19.06.2015 / Crônicas
O olhar virgem

A primeira vez que você vai à casa de alguém, quando observa cada objeto, imagina cada história que ele tem, descobre os gostos, o estilo, o olhar. É uma sensação parecida de quando se via álbuns de fotos de outras pessoas, quando elas voltavam de viagem. Se eram boas fotógrafas, logo descobria-se muito mais do que o que estava ali estampado no 10×15. Você viajava além. Com atenção, assim como na fotografia de um modo geral, era possível até se apaixonar por uma pessoa através de seus ângulos. “Que olhar!”

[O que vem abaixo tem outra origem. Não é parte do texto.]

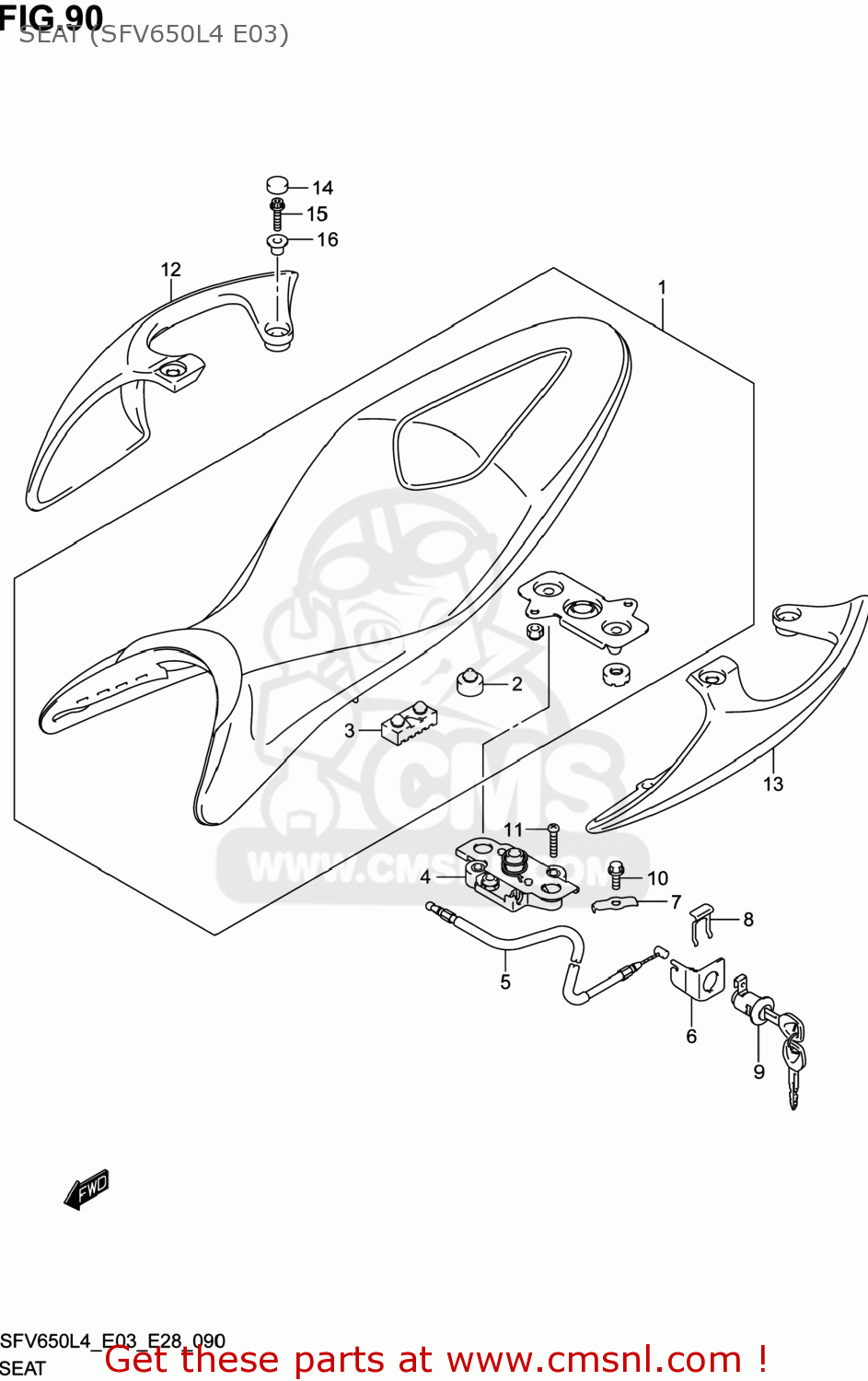 SEAT (SFV650L4 E03) SFV650A GLADIUS 2014 (L4) USA (E03)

O olhar do novo, a descoberta da novidade. É covardia ter o não-descoberto, o não-visto, como concorrência. Quando você olha que naquele canto da sua casa bate luz e você só viu porque aconteceu algo que o fez acordar mais cedo. Uma luz diferente, pegando num galho de planta que: 1) não existia até ontem; 2) está iluminado e tem tons de que está nascendo. Fica até mais bonito que a flor que vem sei lá quando, pois a flor espera-se ver frondosa, o galho, não.

Seu olhar cruzou com outro olhar. Não apenas cruzou, mas parou. Como quando você comenta: “Eu o vi de relance, tenho certeza que ele me viu também. Sim, foi rápido, mas certeza eu tenho, é que não deu para falar, mas o olhar bateu, sim, ele me viu”. Nem era com relação a um interesse, mas ao fato isolado de um ter visto o outro. A simples informação do olhar. “Eu vi fulano, tenho certeza que era ele. Estava de óculos/ mais gordo/ mais magro/ de barba/ cortou o cabelo… Mas era ele, sim”.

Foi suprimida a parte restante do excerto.